Atrocities against Myanmar minority compared to Holocaust

Since August, about 688,000 Rohingya Muslims have fled the violence, going into Bangladesh, experts say.
 
The brutal campaign of atrocities committed against Myanmar’s Rohingya minority is similar to the Nazi efforts to wipe out European Jews in World War II, the chairman of Nassau’s Holocaust Memorial and Tolerance Center said Sunday.
“The holocaust happened because people were indifferent to it,” Steven Markowitz said in opening remarks for a program on the plight of the Rohingya at the Webb Institute in Glen Cove. “We’d like to think we’ve learned from history but . . . . we have a holocaust of its own going on, the Rohingya people and we need to wake up.”
About 100 people listened to presentations on the destruction and displacement of the Rohingya Muslims from Rakine province in Myanmar that sharply escalated in August when government forces began a scorched earth campaign against their villages.
Since August 25, 688,000 refugees have fled Myanmar into neighboring Bangladesh, joining 212,000 refugees who were already there, according to a February report by the office of the United Nations High Commissioner on Refugees.
“Persecuted, helpless and defenseless, Rohingya’s are in dire need of international protection, right now,” Nural Islam, a Rohingya and chairman of U.K.-based Arakan Rohingya National Organization said. Islam said the United Nations Security Council has been “paralyzed” and has failed to act in the face of genocide.
“We don’t want to lead a life of humiliation, as a beggar, as refugees in foreign countries, we want to go back to our homes... please help us,” he said.
Myanmar’s government has denied that its military has committed systematic atrocities and has denied access to the region to journalists and international investigators.

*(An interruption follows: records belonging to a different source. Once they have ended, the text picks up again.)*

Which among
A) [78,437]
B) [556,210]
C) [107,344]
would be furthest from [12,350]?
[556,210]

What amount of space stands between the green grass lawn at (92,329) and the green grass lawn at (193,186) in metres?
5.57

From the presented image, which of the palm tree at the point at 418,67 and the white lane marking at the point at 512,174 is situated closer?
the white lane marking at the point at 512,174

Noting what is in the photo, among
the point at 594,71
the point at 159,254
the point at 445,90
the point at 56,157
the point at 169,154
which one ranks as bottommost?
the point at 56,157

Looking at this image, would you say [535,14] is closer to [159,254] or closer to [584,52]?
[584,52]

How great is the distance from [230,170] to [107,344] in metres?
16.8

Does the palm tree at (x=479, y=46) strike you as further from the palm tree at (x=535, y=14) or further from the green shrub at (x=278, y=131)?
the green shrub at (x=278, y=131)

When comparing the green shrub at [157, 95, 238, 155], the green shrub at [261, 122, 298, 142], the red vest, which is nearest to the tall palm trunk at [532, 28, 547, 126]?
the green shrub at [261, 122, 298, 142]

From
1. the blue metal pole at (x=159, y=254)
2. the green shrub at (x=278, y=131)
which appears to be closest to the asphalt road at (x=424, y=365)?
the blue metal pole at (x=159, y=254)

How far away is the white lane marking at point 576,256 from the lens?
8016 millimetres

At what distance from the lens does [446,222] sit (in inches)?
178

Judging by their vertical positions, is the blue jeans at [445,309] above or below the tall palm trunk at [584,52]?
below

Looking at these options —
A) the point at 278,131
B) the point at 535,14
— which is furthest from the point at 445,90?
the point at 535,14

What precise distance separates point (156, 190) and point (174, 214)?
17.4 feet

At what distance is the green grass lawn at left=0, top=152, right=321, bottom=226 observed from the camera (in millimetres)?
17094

Abdul Malik Mujahid, president of Chicago-based Sound Vision, a Muslim organization, described a pattern of human rights abuses against the Rohingya that has gone on for decades, culiminating in the current situation of hundreds of villages being burned and bulldozed.

“This is ... a slow motion genocide,” Mujahid said. He said what is happening now are “the final stages” of the genocide.

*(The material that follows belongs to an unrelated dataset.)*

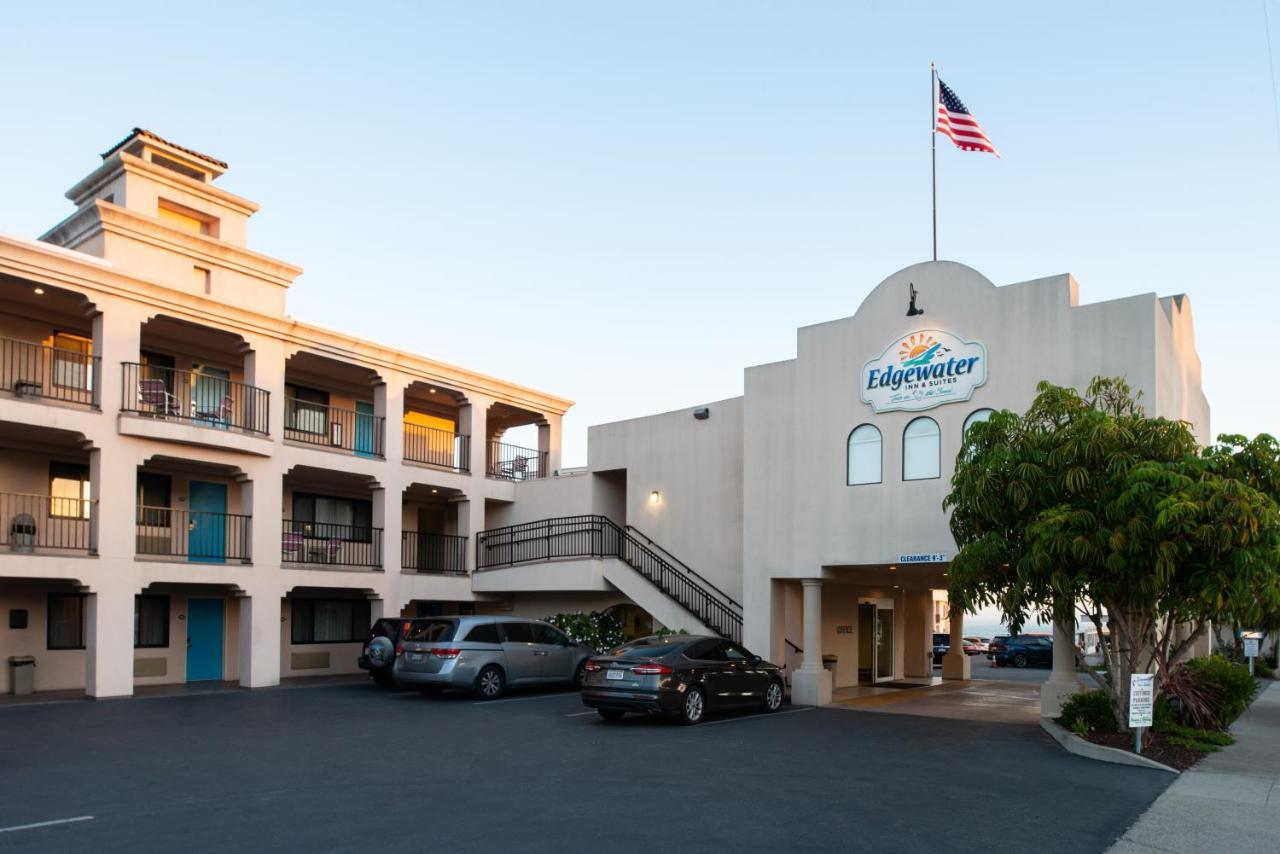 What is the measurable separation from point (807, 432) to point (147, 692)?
47.1 feet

Beth Lilach, the Holocaust center’s director of education and community affairs read graphic interviews of Rohingya rape survivors who had been interviewed in refugee camps in Bangladesh.
“The mass rape campaigns were systematic, organized planned and followed a pattern from village to village to village,” Lilach said. The interviews described gang rapes, murders and genital mutilation by Myamar soldiers. “These women’s voices must be heard until the violence stops.”